- **Exercise brief**:
Please output the listing exactly as it stands, but omit any images.

- **Collected data**:
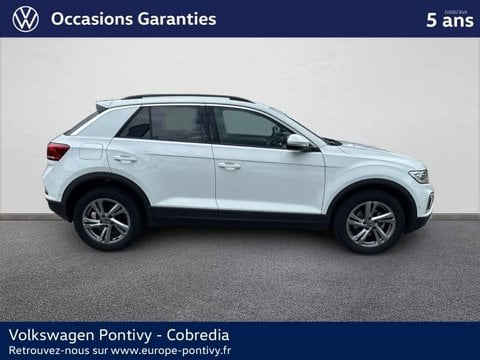 Voitures D'occasion À Pontivy | Volkswagen T-Roc 1.0 Tsi 116Ch Vw Edition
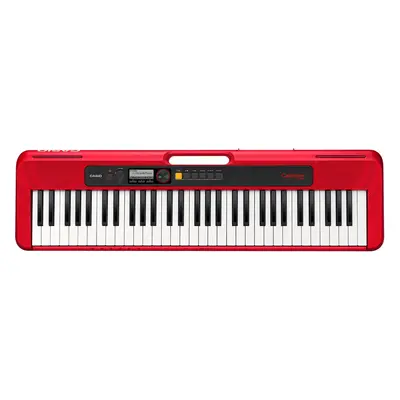 Casio CT-S200 Kezdő szintetizátor Red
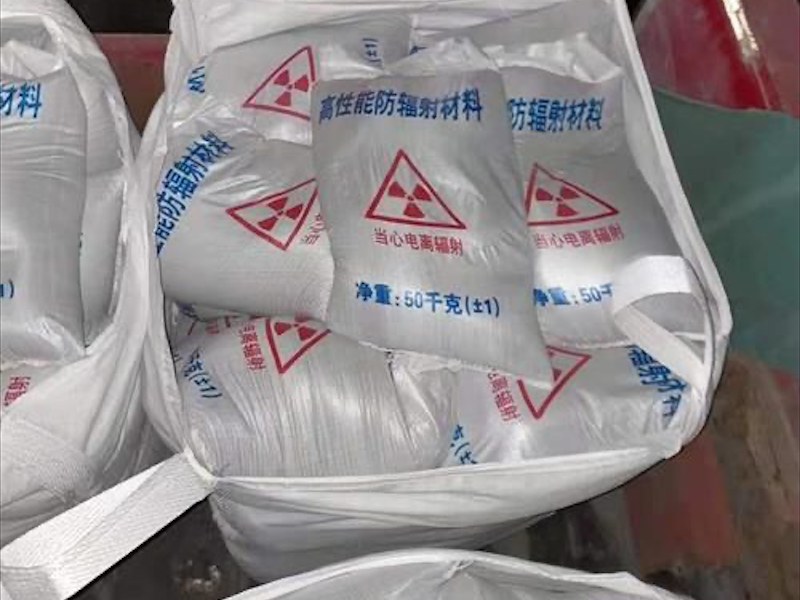 硫酸钡应用场景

- **Answer to this problem**:
 Voitures D'occasion À Pontivy | Volkswagen T-Roc 1.0 Tsi 116Ch Vw Edition
 Casio CT-S200 Kezdő szintetizátor Red
 硫酸钡应用场景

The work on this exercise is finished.